EXERCISE GOAL
Starting at the line that contains "IL license plate Z876641", write out each line through the end of the data below, exactly as it stands. Skip any pictures.

COLLECTED DATA
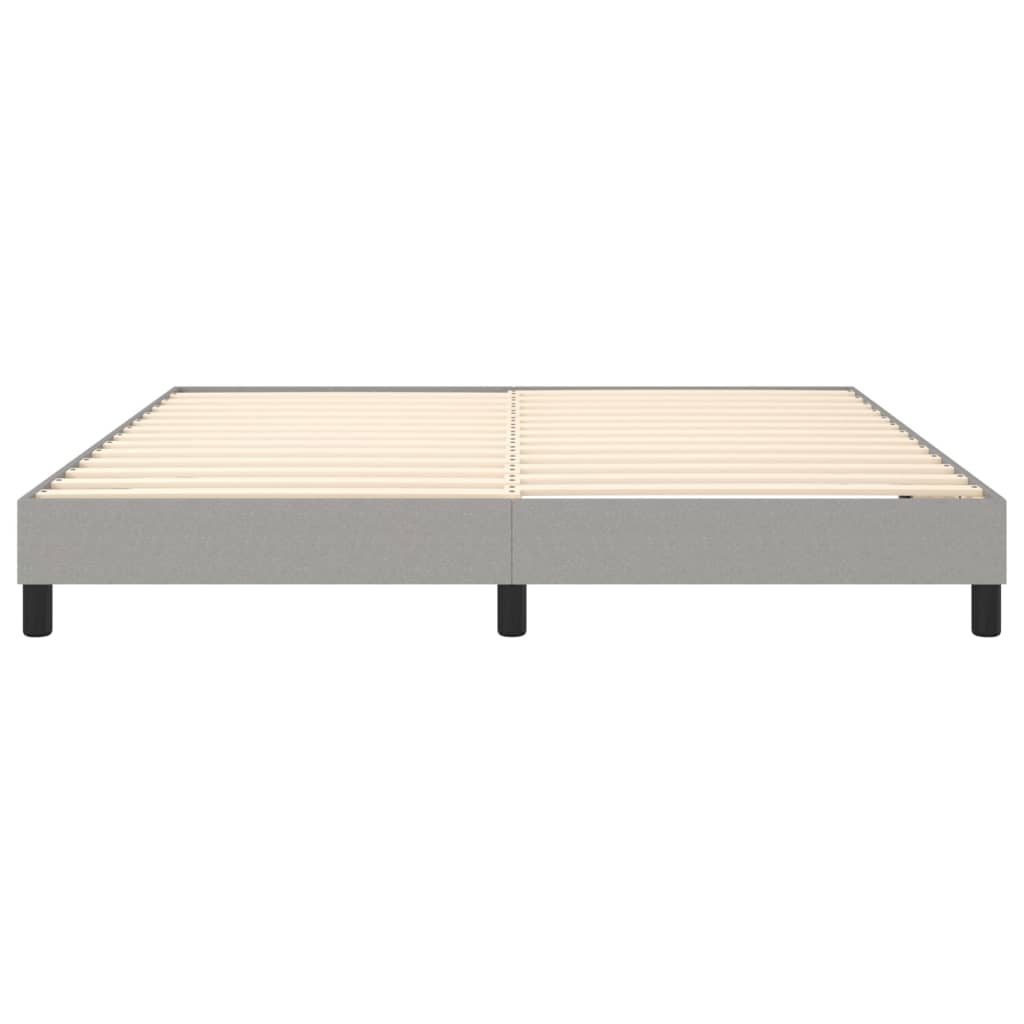 vidaXL Box Spring Bed Frame Light Grey Super King Fabric (UK/IE/FI/NO only)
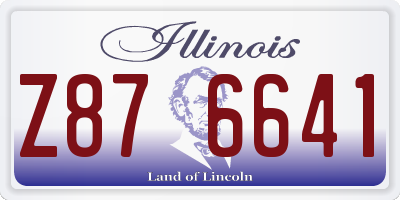 IL license plate Z876641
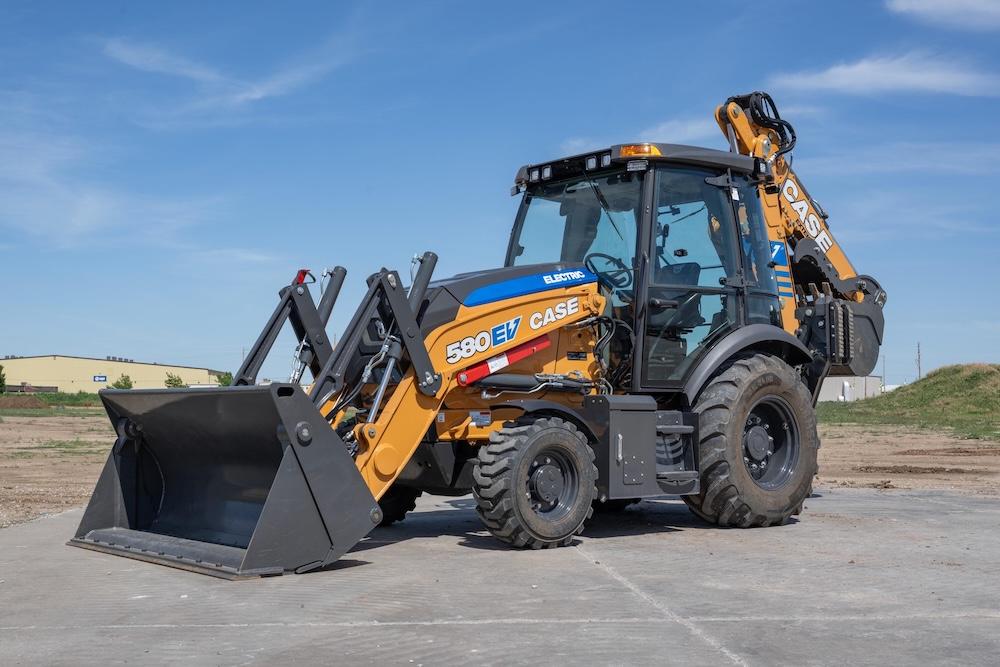 CASE 580EV Electric Backhoe Loader " "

TASK ANSWER
 IL license plate Z876641
 CASE 580EV Electric Backhoe Loader " "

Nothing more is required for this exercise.